In Russia, largely Chechen Moslems established the Islamic Emirate of the Caucasus in 2007. This Emirate is still technically active, but not in any one place as the Islamic radicals that support it are constantly being chased by local and federal Russian police and paramilitary troops.
The Islamic Emirate of Somalia was created in September 2008. The Islamic terrorists still control much of southern Somalia, but are losing ground to attacks by Somali government and clan militias, AU (African Union) peacekeepers and troops from Kenya and Ethiopia. In addition, there is a secret (but well known) CIA base outside the capital (Mogadishu) as well as French and American special operations in Somalia's northern neighbor Djibouti.
The Islamic Emirate of the Sahara was established in 2010) by remnants of defeated Algerian Islamic terror groups, and a few Islamic terrorists from other North African countries. These guys now sustain themselves smuggling cocaine and hashish from areas south of the Sahara Desert and into Europe. The emirate is secondary to the smuggling operation.
In April 2011, some Libyan Islamic radicals declared the establishment of an Islamic Emirate in parts of eastern Libya. This one appeared to be more press release than reality.
In May, 2011, in Yemen, al Qaeda declared the establishment of an Islamic Emirate in the southern Abyan province.
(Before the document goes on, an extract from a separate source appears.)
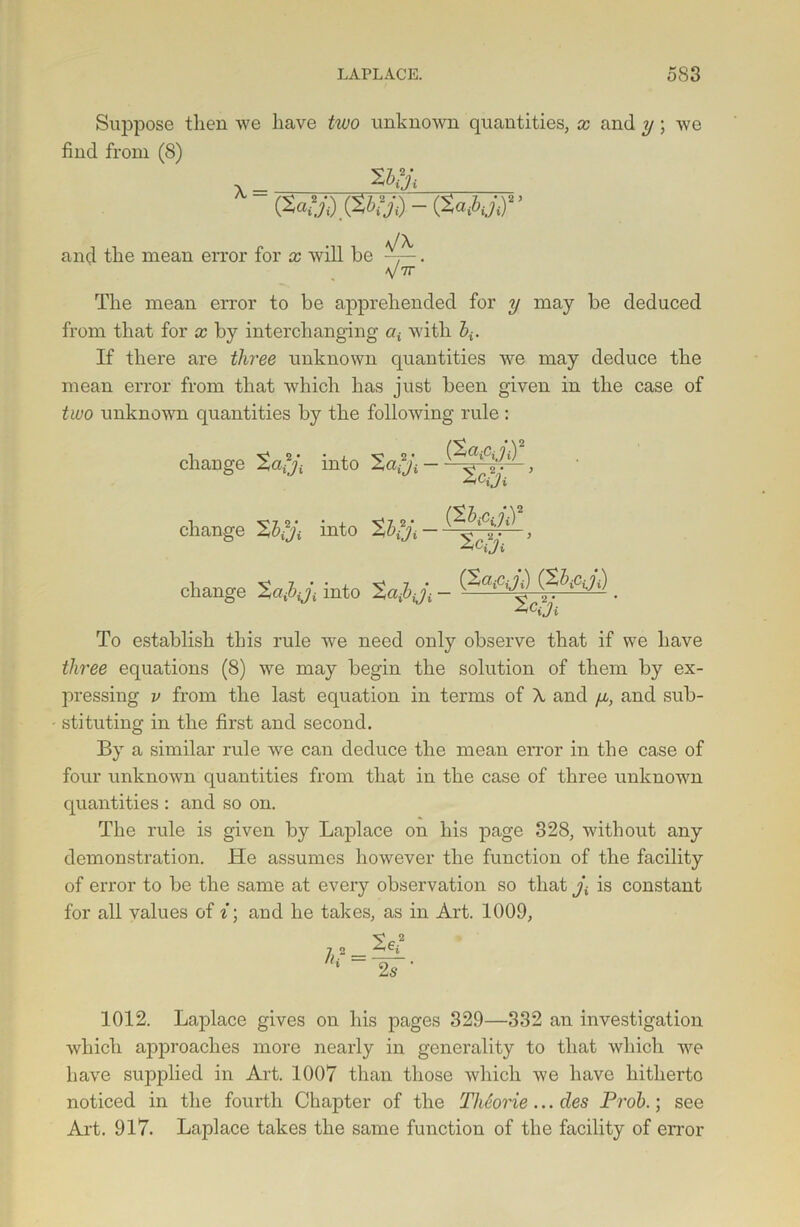 Suppose then we have two unknown quantities, x and v ; we find from (8) Wjd &>h'd - (WJ,)’’ and the mean error for x will be yx y 7r' The mean error to be apprehended for y may be deduced from that for x by interchanging at with 5*. If there are three unknown quantities we may deduce the mean error from that which has just been given in the case of two unknown quantities by the following rule : change %a?ji into ’2a?ji • (XOj CjjiY change Xbfji into , ZCiji change %a^iji into To establish this rule we need only observe that if we have three equations (8) we may begin the solution of them by ex- pressing v from the last equation in terms of X and fx, and sub- stituting in the first and second. By a similar rule we can deduce the mean error in the case of four unknown quantities from that in the case of three unknown quantities : and so on. The rule is given by Laplace on his page 328, without any demonstration. He assumes however the function of the facility of error to be the same at every observation so that j\ is constant for all values of i; and he takes, as in Art. 1009, 1012. Laplace gives on his pages 329—332 an investigation which approaches more nearly in generality to that which we have supplied in Art. 1007 than those which we have hitherto noticed in the fourth Chapter of the ThSorie... des Prob.; see Art. 917. Laplace takes the same function of the facility of error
The province was in chaos at the time, and still is. Government forces, and pro-government tribes have been attacking al Qaeda forces there ever since.
The survival of the Iranian Shia Islamic Republic has angered the Sunni radicals (like al Qaeda, the Taliban and several Pakistani groups), who believe Shia are heretics. In turn, the Iranian Shia clerics believe their success indicates that the Shia minority of Moslems should control the holy places in Arabia (Mecca and Medina). This would have to be accomplished over the dead bodies of the Saud family, and many other Arabs. Thus the growing fear and alarm among Arabs about what Iran might do.